The Constitution and the law provide for free and compulsory primary education; however, in practice access to public schools is the primary obstacle to most rural families. Even in public schools there are nominal mandatory fees associated with sending a child to school (uniform, books, etc.), and these costs are beyond the means of many rural families. Schools are dilapidated and understaffed. An estimated 90 percent of schools are private, and the costs of school fees, books, materials, and uniforms are prohibitive for most families. According to the Government, 40 percent of children never attend school, and less than 15 percent of those who do graduate from secondary school. The Ministry of Education estimated primary school enrollment at 65 percent. Poorer families sometimes ration education money to pay school fees only for male children.
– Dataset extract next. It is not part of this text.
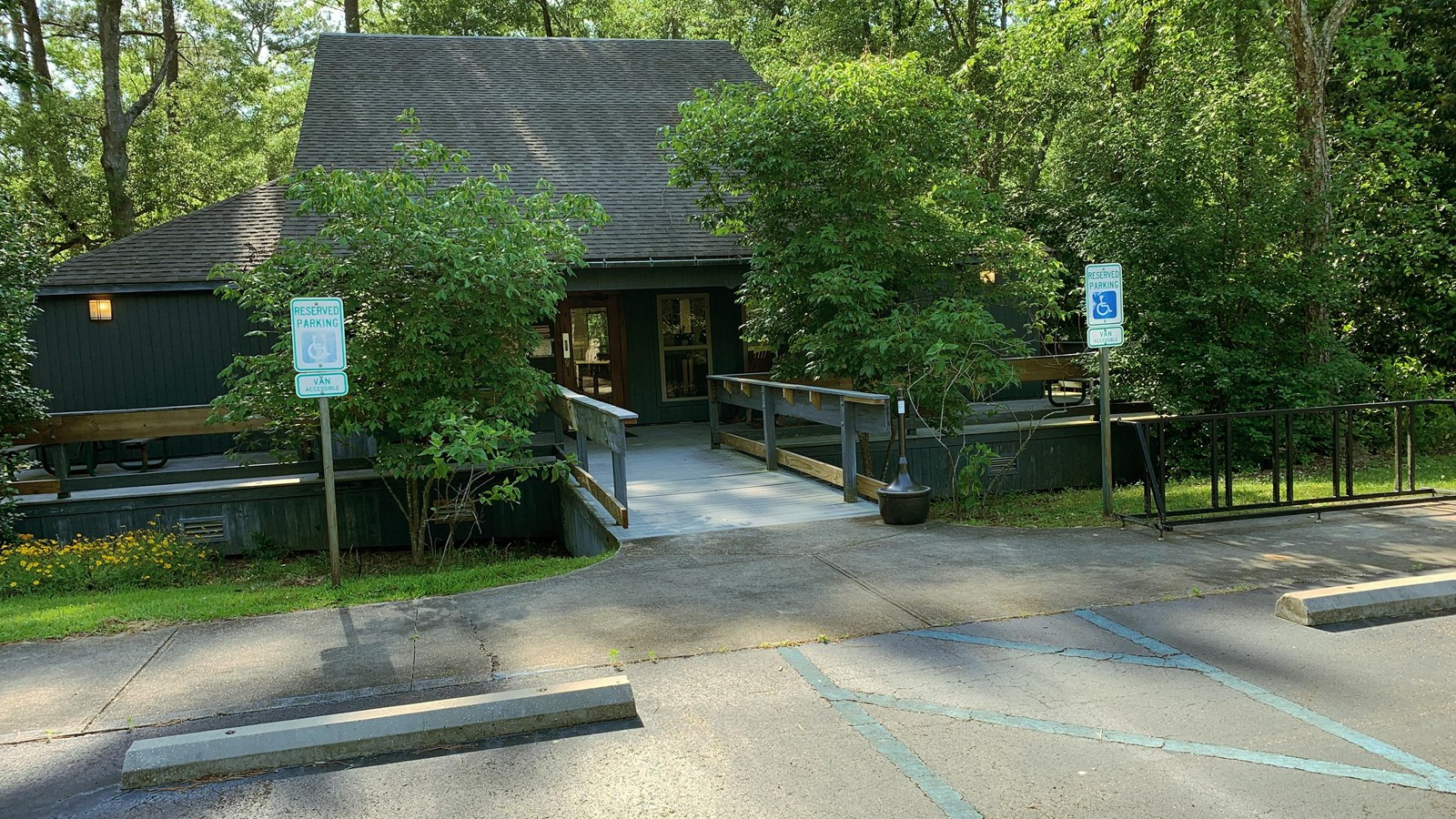 a parking lot leads to a railed entrance to a small building surrounded by green trees.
In early September, President Aristide launched "Project Alpha," a nationwide campaign to increase the level of literacy.

Child abuse is a problem. Radio commercials urge parents not to abuse their children physically or mentally. In early September, Parliament passed a law banning corporal punishment against children. The law ordered all schools to post clearly their policies on disciplinary measures. It also called for the establishment of a commission to determine what disciplinary measures would be appropriate for schools to take.

Rural families continued to send young children to more affluent city dwellers to serve as unpaid domestic labor in a practice called "restavek" (which means "lives with" in Creole); families of these children frequently received financial compensation (see Sections 6.d. and 6.f.). Most local human rights groups do not report on the plight of restavek children as an abuse nor seek to improve their situation. The Ministry of Social Affairs believes that it can do little to stop this practice, regarding it as economically motivated; the Ministry assigned five monitors to oversee the welfare of restavek children. Society holds such children in little regard, and the poor state of the economy worsened their situation.

Port-au-Prince's large population of street children includes many restaveks who have been sent out of employers' homes or who are runaways. There is some anecdotal information indicating that children are involved in prostitution or being trafficked (see Section 6.f.). The Ministry of Social Affairs provides some assistance to street children. In 1998-1999 (last available data), they assisted 887 children. The Haitian Coalition for the Defense of the Rights of the Child (COHADDE) promotes children's rights by conducting awareness raising activities.

Several international and local NGO's work on children's issues.

Persons with Disabilities

The Constitution provides that persons with disabilities shall have the means to ensure their autonomy, education, and independence. However, there is no legislation to implement these constitutional provisions or to mandate provision of access to buildings for persons with disabilities. Although they do not face overt mistreatment, given the severe poverty in which most citizens live, those with disabilities face a particularly harsh existence. Disabled beggars are common on the streets of Port-au-Prince and other towns.

National/Racial/Ethnic Minorities

Approximately 99 percent of Haitians are descendants, in whole or in part, of African slaves who won a war of independence from France in 1804. The remaining population is of European, Middle Eastern, North American, or Latin American origin. The law makes no distinction based on race. Longstanding social and political animosities often are tied to cultural identification, skin color, and overlapping issues of class in this starkly inegalitarian society. Some of these animosities date back to before the country's revolutionary period.

Racial distinctions tend to parallel social and economic strata. Mulattos generally belong to the wealthiest classes of society. Mulattos historically have been targets of sporadic attack in many cases because they are perceived to be wealthy.

The Government recognizes two official languages: Creole, which is spoken by virtually all Haitians; and French, which is spoken by approximately 20 percent of the population, including the economic elite. The inability to communicate in French long has limited the political and economic opportunities available to the majority of the population. The Government prepares most documents only in French. Creole is used in parliamentary debate in the Lower House of Parliament. However, language remains a significant barrier to full access to the judicial system (see Section 1.e.).